Akshay A. More
Department of Applied Mechanics , IIT Madras, Madras-600036, India
Department of Chemical Engineering Indian Institute of Technology Madras 600 036 India
Arul Prakash K
Thermo-Fluid Dynamics Laboratory, Department of Applied Mechanics, Indian Institute of Technology Madras, Chennai-600036, India
In this paper, the effect of waviness and pyramidal fins on the enhancement of heat transfer and variations in thermal stresses of the tubes due to distribution of the recirculation zone is studied and compared with the Conventional circular tube (CCT) design. The symmetric and asymmetric distribution of temperature on the tube wall due to geometric modification and its effect on thermal stresses is studied using finite element method based commercial software ANSYS WORKBENCH (20.2).

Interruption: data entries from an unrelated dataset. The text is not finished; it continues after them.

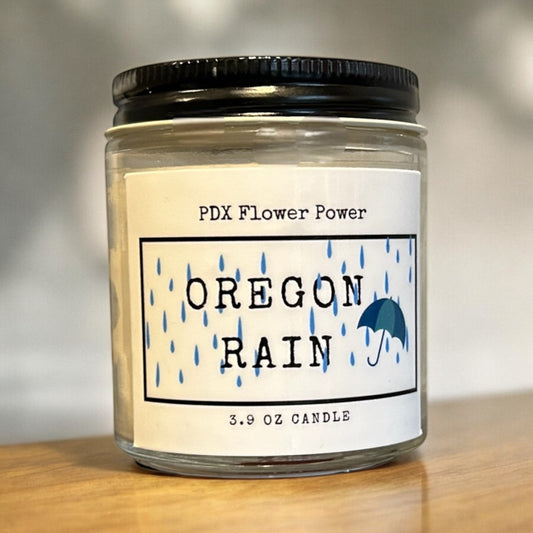 "Oregon Rain" handcrafted soy candle, 100% soy candle, reusable glass jar.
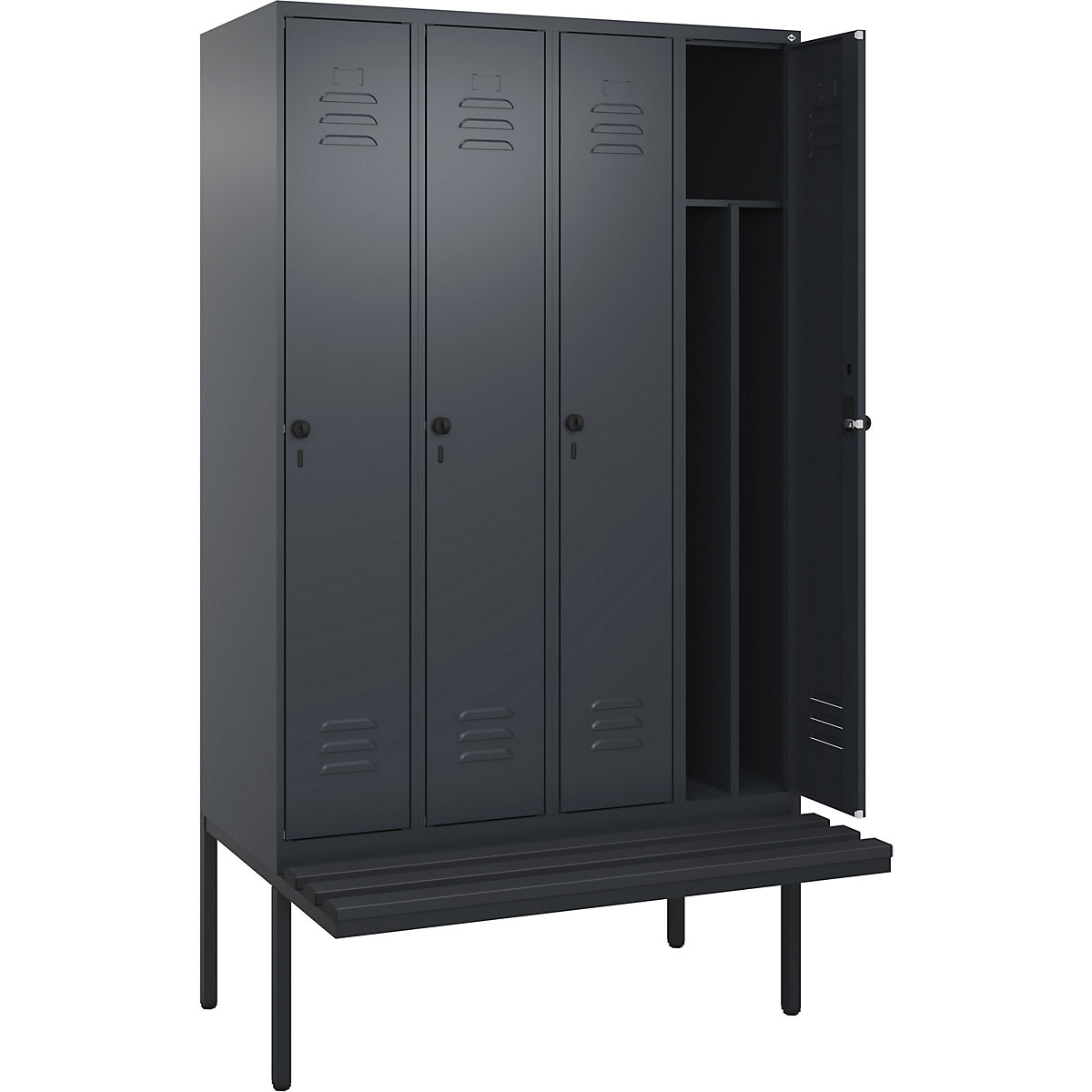 Armadietto sporco/pulito Classic PLUS con panca, stretto – C+P, 4 scomparti, tramezza ridotta, grigio, largh. 1200 mm, serratura girevole di sicurezza, panca sporgente, plastica-0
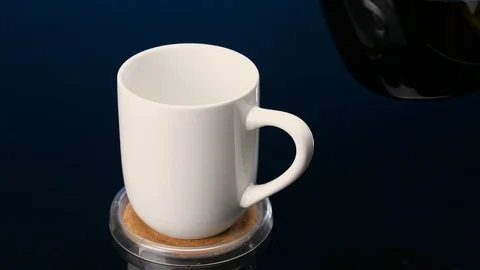 White Coffee Cup with Fresh Brewed Coffee with Lens Flare Stock Footage 86057241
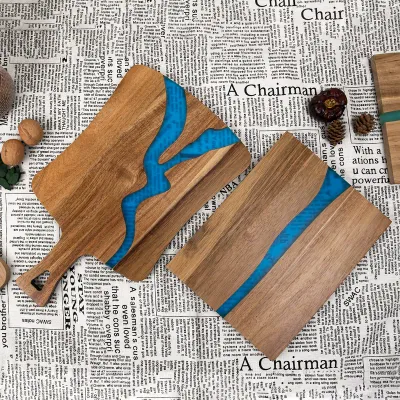 Solid Wood Resin Cutting Board – Water Drop Shape Resin Board on Acacia Wood for Steak, Cheese & Bread - 6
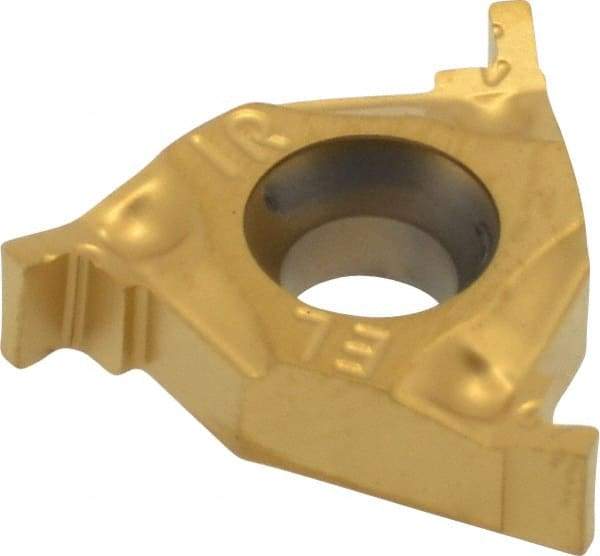 Hertel - 0.03916IR/EL Grade HG220TR, 0.039" Cutting Width Carbide Grooving Insert - 0.055" Max Depth of Cut, Right Hand, 0.004" Corner Radius, TiC/TiN Finish - Exact Tool & Supply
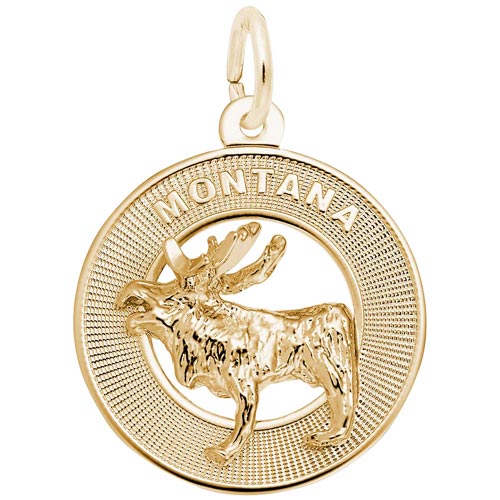 14K Gold Montana Moose Charm by Rembrandt Charms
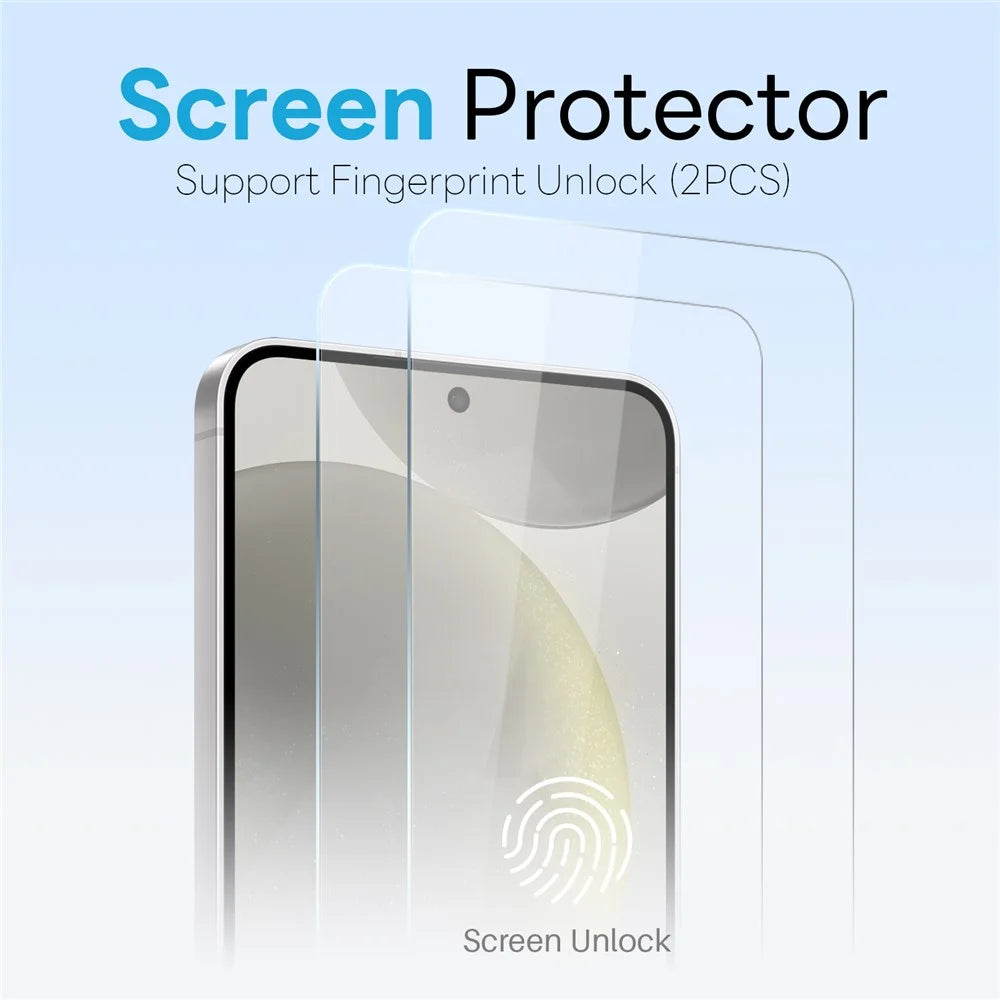 NORTHJO 5 in 1 Set for Samsung Galaxy S24+ Magnetic Case Translucent Matte Shockproof Phone Cover with 2Pcs Front Screen Protector + 2Pcs Lens Film - Blue - 3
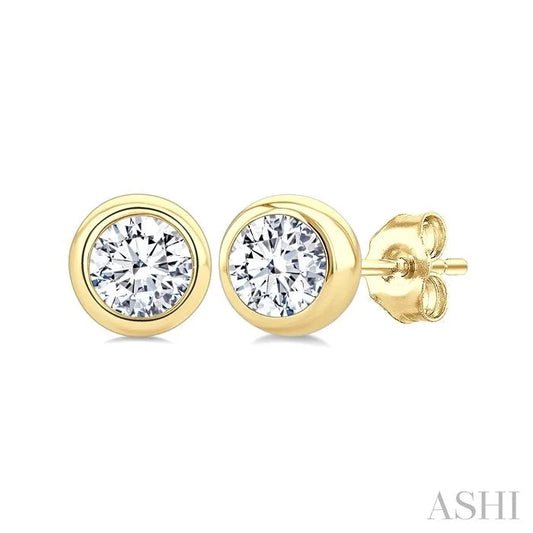 Round Shape Bezel Set Diamond Stud Earrings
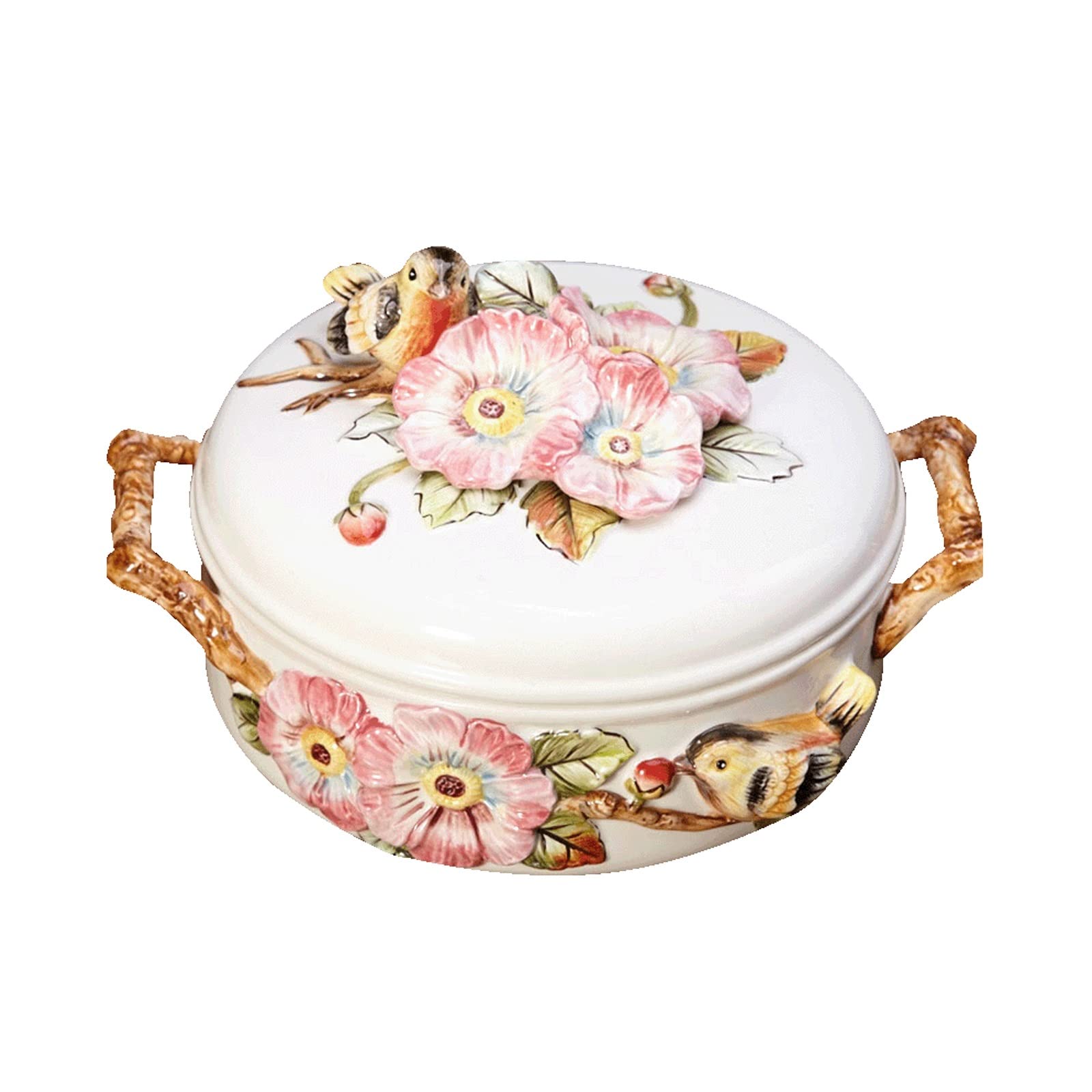 AVFORA Bol à Fruits avec Couvercle, Assiette à Fruits en céramique de Style Ferme, Plateau de Stockage de collations, Bonbons, Noix, Fruits secs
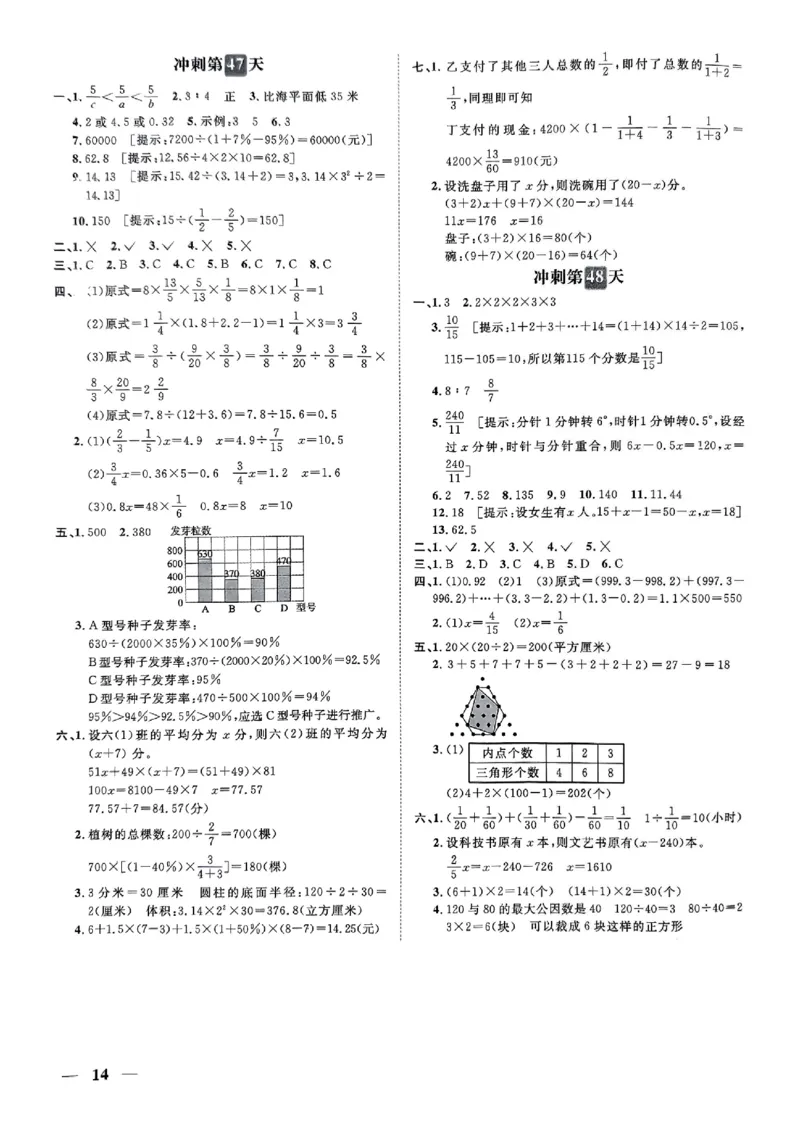 小升初数学《阳光同学冲刺48天》答案（测评+辅导+真题卷）_小升初冲刺48天（语数英）_小升初数学《阳光同学冲刺48天》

Three-dimensional governing differential equations of fluid
flow and energy is solved using finite volume method based
commercial software ANSYS Fluent (20.2) with k-ω SST turbulence model as turbulence closure. Grid convergence
study is done on the computational domain to get optimal mesh and then heat transfer results of an optimal mesh is validated with the experimental data. The wavy nature of the tube is mainly responsible for the generation of the recirculation zones as we are having the convergent and divergent sections. This recirculation zone (Vortex zone) plays a major role in enhancing the heat transfer by mixing of the fluid. Numerical simulations shows that in case of the Wavy circular tube (WCT) generated recirculation zone always remains attached to the wall of the tube, hence responsible for the asymmetric temperature distribution over the cross-section of tube walls. In contrast, the finned wavy circular tube (FWCT) generated recirculation zone no longer remains attached to the wall of the tube due to provision of internal fins and hence gives enhanced mixing compared to the WCT design. Waviness and internal fins enhance the heat transfer but at the same time both are responsible for the asymmetric temperature distribution over the cross-section of tube and hence thermal stress studies are essential. The influence of geometric modifications, inlet temperature and mass flow rate of fluid on thermal stress and heat transfer variation is studied and discussed.